Whenever I read about a large group of people who are all made out to be horrible human beings, I always think, I doubt their natures are much worse than other group's. Their leaders were probably evil, but people who rise to power anywhere often are. Political leaders from any era are usually at least narcissistic, and quite often, even sociopathic, even if the public doesn't realize it. But the rank and file of any organization, or country, tend to be normal people with normal psyches.
If I had been brought up in Germany in the 1930's, and had been taught that Jewish people were the devil's spawn, I'd probably believe that. If I had been brought up in the South Africa of the 1960's, I'd probably think that segregation was the natural way of things.
And so would you.
Some people seem to feel that had they lived in another era, they would have somehow miraculously retained their current sensibilities. This is ludicrous. I generally find that the people who believe this most strongly are those most thoroughly inculcated with the currently politically correct attitudes, i.e., those people most obviously unable to think for themselves. So in fact, they'd likely be the biggest True Believers in whatever culture they found themselves.

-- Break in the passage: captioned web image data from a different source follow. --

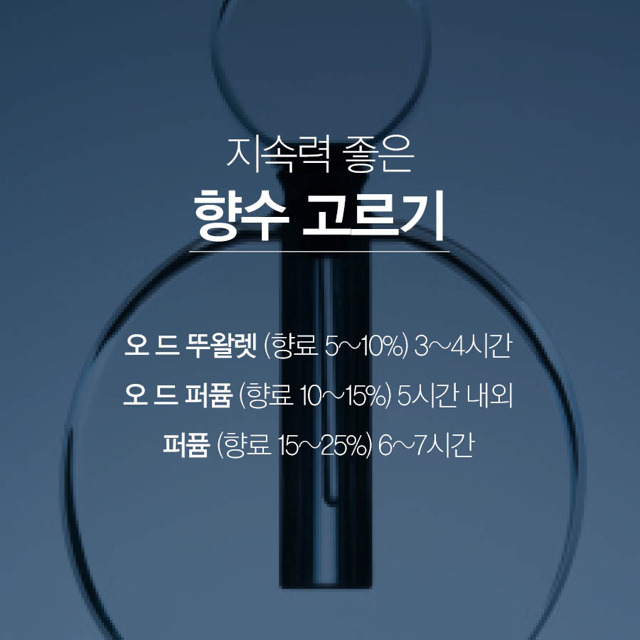 여자들이 선호하는 남자 향수 | 인스티즈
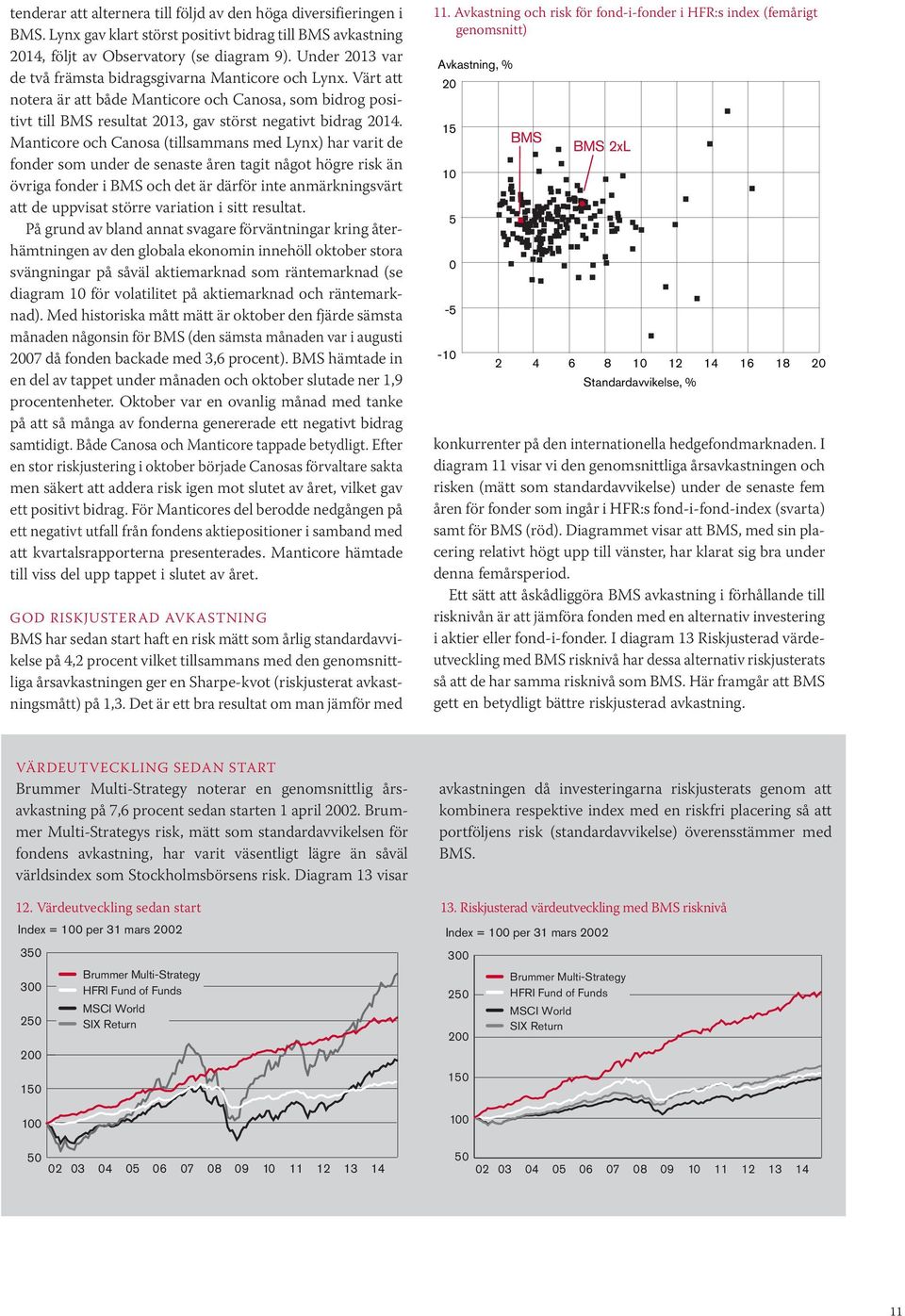 Manticore och Canosa (tillsammans med Lynx) har varit de fonder som under de senaste åren tagit något högre risk än övriga fonder i BMS och det är därför inte anmärkningsvärt att de uppvisat större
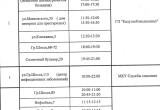 В связи с массовым отключением в Калуге организован подвоз воды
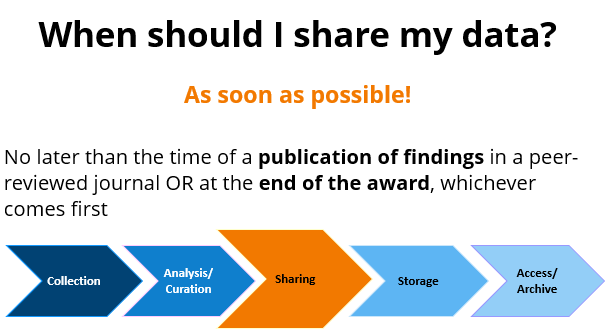  When should I share my data? Answer: As soon as possible! Source: NIH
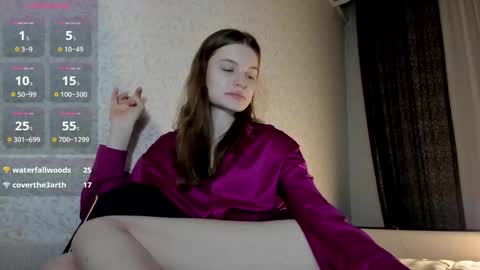 Snapshot of mistresselizy chatting on 28, 12, 2024 mistresselizy online show from 28, 12, 2024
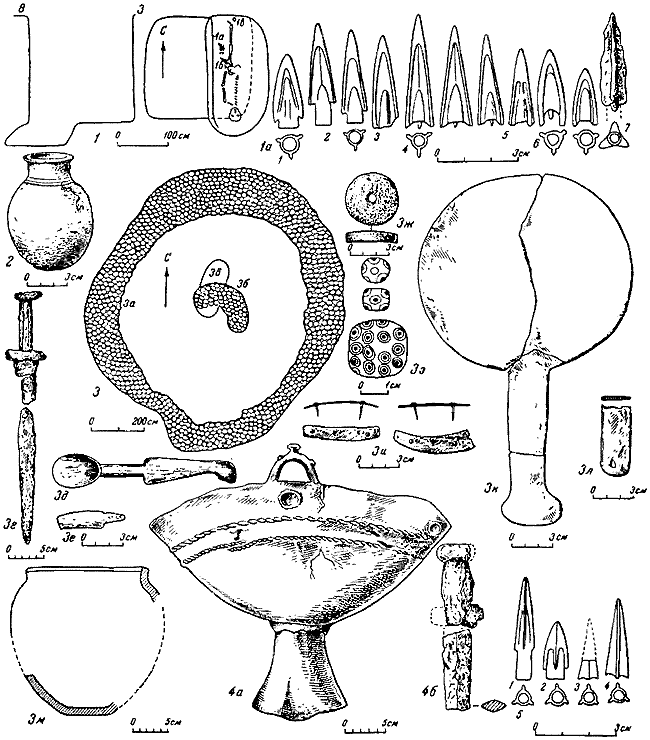 Савроматы. Ранняя история и культура сарматов - i_051.png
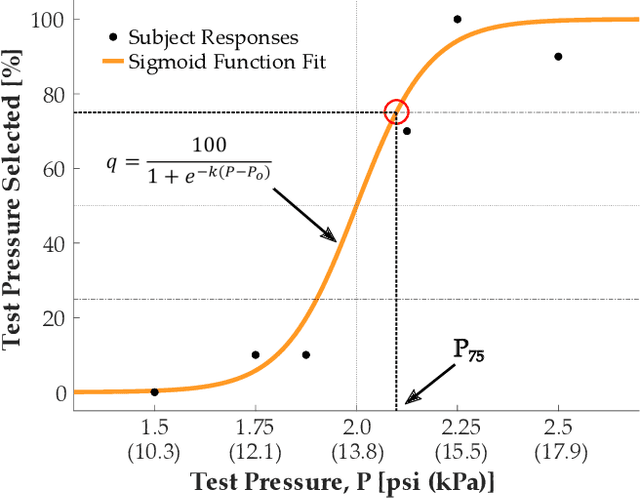Figure 4 for Wrapped Haptic Display for Communicating Physical Robot Learning
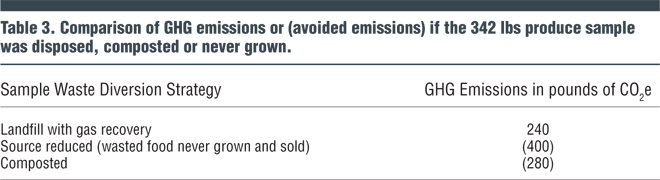 Table 3. Comparison of GHG emissions or (avoided emissions) if the 342 lbs produce sample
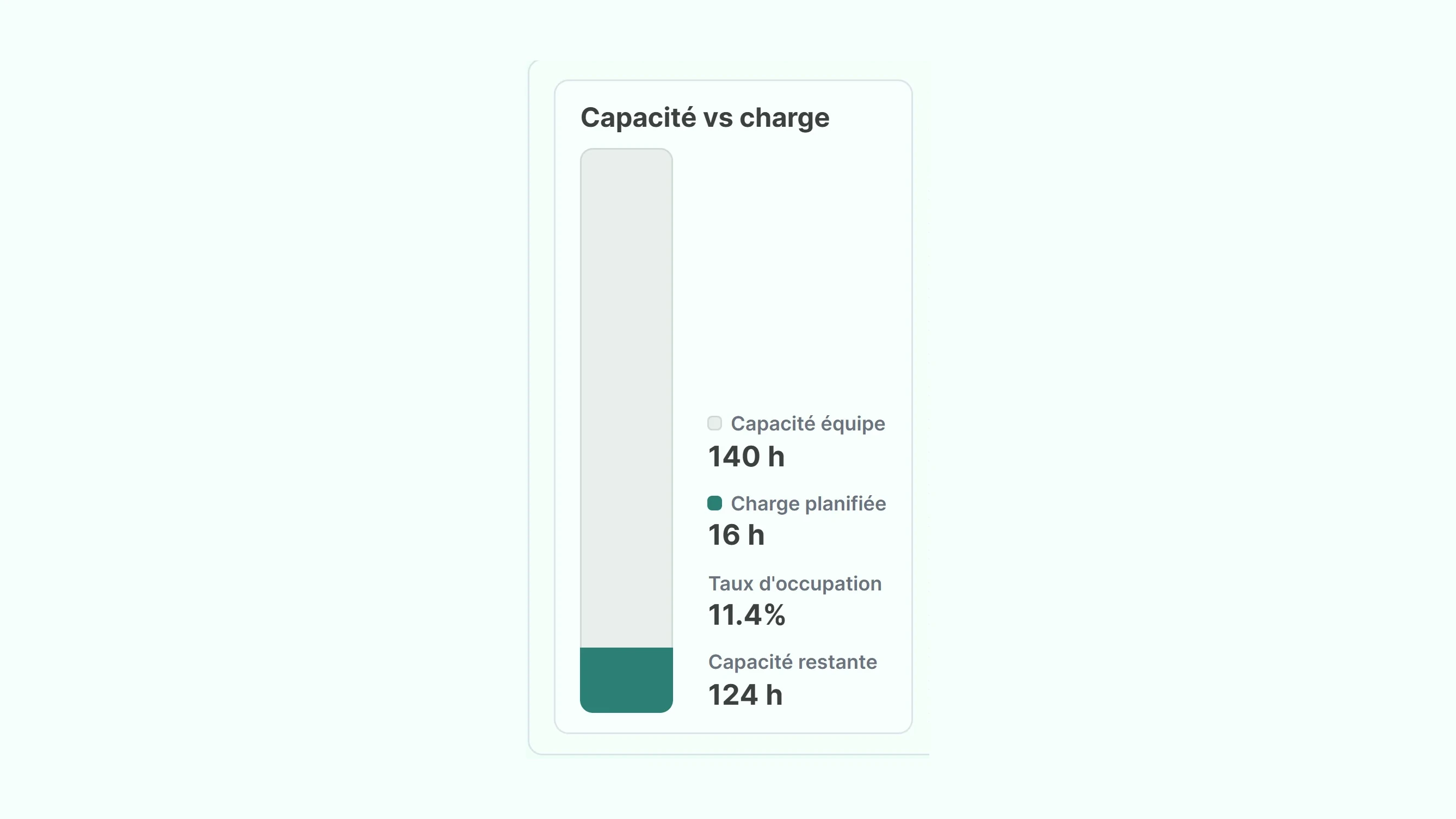 Une jauge qui se remplit pendant la réunion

It takes an extraordinary individual to see through and rise above the beliefs of his time. Most of us are simply not that extraordinary. Certainly not me.
If I had been brought up in the South of the 1820's, I might not have questioned slavery. (I'd like to think I would have, but I probably would have just accepted the status quo.)
Had I been brought up in Europe circa 1600, I would probably have felt that the sun orbited the earth and that to say otherwise was sacrilegious. (It's just common sense -- the sun does rise and set over our seemingly unmoving planet every day, and it certainly looks smaller than Earth.) I might not have wanted Galileo tried and sentenced by the Inquisition; but I undoubtedly would have thought him wrongheaded.
Had I been an Apache of roughly 2000 years ago, I would have responded to drought by doing a rain dance. Had the Great Spirit in the Sky answered with a thunderstorm, I would have thought him angry.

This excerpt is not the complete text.